In grade school, my little sister and I attended a school which required a daily commute nearing 45 minutes one way. Breakfast had to be quick and portable, as it was usually eaten in the car. We were always running late. Usually, we had oatmeal or breakfast burritos, quick and filling. On the rare occasion when my angelic mom found some spare time, we would wake to the warm, sweet aroma of muffins. My mom usually made muffins with a combination of different flours. Whole wheat was her favorite, and it grew to be my favorite as well.

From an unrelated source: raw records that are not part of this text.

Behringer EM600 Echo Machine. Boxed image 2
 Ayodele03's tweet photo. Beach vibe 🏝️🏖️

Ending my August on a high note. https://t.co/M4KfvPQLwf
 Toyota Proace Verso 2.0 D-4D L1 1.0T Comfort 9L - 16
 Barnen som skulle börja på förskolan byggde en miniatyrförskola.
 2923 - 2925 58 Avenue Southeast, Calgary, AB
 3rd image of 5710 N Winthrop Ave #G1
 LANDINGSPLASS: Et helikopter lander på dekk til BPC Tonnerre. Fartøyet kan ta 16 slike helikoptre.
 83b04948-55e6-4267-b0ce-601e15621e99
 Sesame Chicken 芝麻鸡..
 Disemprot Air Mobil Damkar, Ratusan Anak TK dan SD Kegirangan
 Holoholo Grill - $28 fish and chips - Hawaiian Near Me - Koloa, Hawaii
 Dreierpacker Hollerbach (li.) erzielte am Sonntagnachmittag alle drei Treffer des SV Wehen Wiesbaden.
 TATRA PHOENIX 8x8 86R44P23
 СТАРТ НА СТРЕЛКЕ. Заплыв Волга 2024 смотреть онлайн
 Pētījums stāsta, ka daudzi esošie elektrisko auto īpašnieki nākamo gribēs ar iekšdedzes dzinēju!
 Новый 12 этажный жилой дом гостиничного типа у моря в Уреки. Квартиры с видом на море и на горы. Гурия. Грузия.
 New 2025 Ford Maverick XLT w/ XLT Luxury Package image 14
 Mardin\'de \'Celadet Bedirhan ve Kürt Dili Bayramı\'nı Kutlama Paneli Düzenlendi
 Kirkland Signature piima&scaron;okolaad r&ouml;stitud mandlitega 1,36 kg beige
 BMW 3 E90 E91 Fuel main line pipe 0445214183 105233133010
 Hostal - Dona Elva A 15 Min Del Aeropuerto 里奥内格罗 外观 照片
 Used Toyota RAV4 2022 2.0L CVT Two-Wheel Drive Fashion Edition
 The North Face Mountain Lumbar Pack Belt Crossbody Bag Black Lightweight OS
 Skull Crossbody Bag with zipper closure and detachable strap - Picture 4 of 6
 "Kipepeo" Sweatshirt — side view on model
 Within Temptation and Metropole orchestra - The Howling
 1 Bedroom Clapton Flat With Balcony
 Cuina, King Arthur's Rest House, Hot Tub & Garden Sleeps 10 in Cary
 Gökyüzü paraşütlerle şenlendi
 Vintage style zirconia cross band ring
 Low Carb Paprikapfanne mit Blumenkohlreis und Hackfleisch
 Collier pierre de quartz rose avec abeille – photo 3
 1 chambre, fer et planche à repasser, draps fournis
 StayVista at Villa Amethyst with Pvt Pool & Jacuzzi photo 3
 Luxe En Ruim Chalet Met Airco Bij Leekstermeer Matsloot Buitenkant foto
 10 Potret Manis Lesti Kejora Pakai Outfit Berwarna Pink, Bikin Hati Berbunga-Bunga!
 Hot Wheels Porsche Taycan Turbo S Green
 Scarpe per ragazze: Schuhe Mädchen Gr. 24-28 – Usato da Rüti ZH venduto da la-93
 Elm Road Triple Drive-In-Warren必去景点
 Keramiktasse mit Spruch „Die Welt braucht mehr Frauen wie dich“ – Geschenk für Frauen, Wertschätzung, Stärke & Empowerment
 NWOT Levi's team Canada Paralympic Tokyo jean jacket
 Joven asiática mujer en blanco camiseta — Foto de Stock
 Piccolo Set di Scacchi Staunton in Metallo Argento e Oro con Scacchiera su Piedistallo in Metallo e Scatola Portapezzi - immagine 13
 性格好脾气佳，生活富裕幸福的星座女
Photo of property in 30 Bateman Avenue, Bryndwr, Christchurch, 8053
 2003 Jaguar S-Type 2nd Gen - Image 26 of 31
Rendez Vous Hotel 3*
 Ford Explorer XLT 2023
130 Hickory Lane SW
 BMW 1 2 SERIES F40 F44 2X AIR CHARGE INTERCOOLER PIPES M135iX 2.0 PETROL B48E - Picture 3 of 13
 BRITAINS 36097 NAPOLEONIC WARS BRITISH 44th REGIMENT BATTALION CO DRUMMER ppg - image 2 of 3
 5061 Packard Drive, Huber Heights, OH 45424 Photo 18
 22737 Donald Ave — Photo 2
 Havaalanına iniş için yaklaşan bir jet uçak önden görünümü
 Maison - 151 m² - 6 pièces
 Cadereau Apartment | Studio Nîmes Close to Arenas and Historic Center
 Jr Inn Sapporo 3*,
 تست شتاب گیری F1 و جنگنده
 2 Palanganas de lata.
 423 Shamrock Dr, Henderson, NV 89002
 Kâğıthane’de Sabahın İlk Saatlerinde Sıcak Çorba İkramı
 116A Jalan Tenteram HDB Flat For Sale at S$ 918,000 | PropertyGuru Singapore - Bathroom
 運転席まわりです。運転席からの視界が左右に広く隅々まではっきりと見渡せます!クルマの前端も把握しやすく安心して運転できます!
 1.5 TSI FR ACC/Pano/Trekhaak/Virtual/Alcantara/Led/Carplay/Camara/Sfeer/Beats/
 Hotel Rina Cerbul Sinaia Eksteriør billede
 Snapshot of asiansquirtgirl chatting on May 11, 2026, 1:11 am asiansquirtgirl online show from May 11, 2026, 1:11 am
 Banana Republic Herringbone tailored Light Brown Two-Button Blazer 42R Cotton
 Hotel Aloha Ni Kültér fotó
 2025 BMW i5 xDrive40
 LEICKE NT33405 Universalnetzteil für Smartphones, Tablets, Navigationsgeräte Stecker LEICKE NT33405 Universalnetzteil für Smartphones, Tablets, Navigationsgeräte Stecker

I love the nutty complexity of ancient grains and I believe they make a muffin what it should be, a wholesome yet delicious snack, not dessert. So I modeled these muffins after hers. I made them with a combination of rye and oat flour because I love the smokiness of rye flour paired with banana. But, if you are gluten free, you can always use buckwheat flour in place of rye flour, or just use oat flour. If you can have wheat, I would also suggest using whole wheat flour because it is also nice with the sweet banana. I specify using “deeply dark” (extremely ripe) bananas, because they will be the easiest to mash and have the best flavor. I always top my muffins with something because I just hate to see a bare muffin. The cinnamon sugar adds a deliciously, crackly crust.

Ingredients:

½ cup butter, softened


¼ cup granulated sugar


¼ cup light brown sugar


1 teaspoon vanilla


2 eggs


1 cup oat flour


½ cup rye flour


¾ teaspoon baking soda


1 teaspoon salt


½ teaspoon cinnamon


3 bananas(deeply dark and ripe)


½ cup walnuts(optional)


Cinnamon Sugar:


¼ cup granulated sugar


1 teaspoon cinnamon

Directions:

Preheat oven to 350 degrees fahrenheit.


Line a 12 cup muffin tin with paper cups, or slather with butter and flour, and set aside.


Roast walnuts (if using) in the oven for 7-10 minutes until golden and fragrant. Once cooled, chop and set aside.


Using a small bowl, mix sugar and cinnamon together and set aside.


Using a fork or potato masher, smash the bananas until smooth ,or a little chunky depending on your taste, and set aside.


Using a medium sized bowl, add oat flour, rye flour, baking soda, salt, and cinnamon and whisk until combined.


Using a large bowl, combine butter, granulated sugar, and brown sugar until pale and fluffy. Add vanilla and eggs, one at a time, beating until the mixture is smooth. If your mixture seems a little curdled, don’t fear, just beat it a little longer, the force will eventually bring the mixture together. Add walnuts, flour mixture, and banana. Alternating between adding banana and flour mixture, folding until the mixture is just mixed. Don't worry about lumps, they will work themselves out in the oven!


Distribute batter evenly into the tin, and sprinkle generously with cinnamon sugar. Bake in the oven for 15-20 minutes, or until a knife or cake tester comes out clean. Enjoy!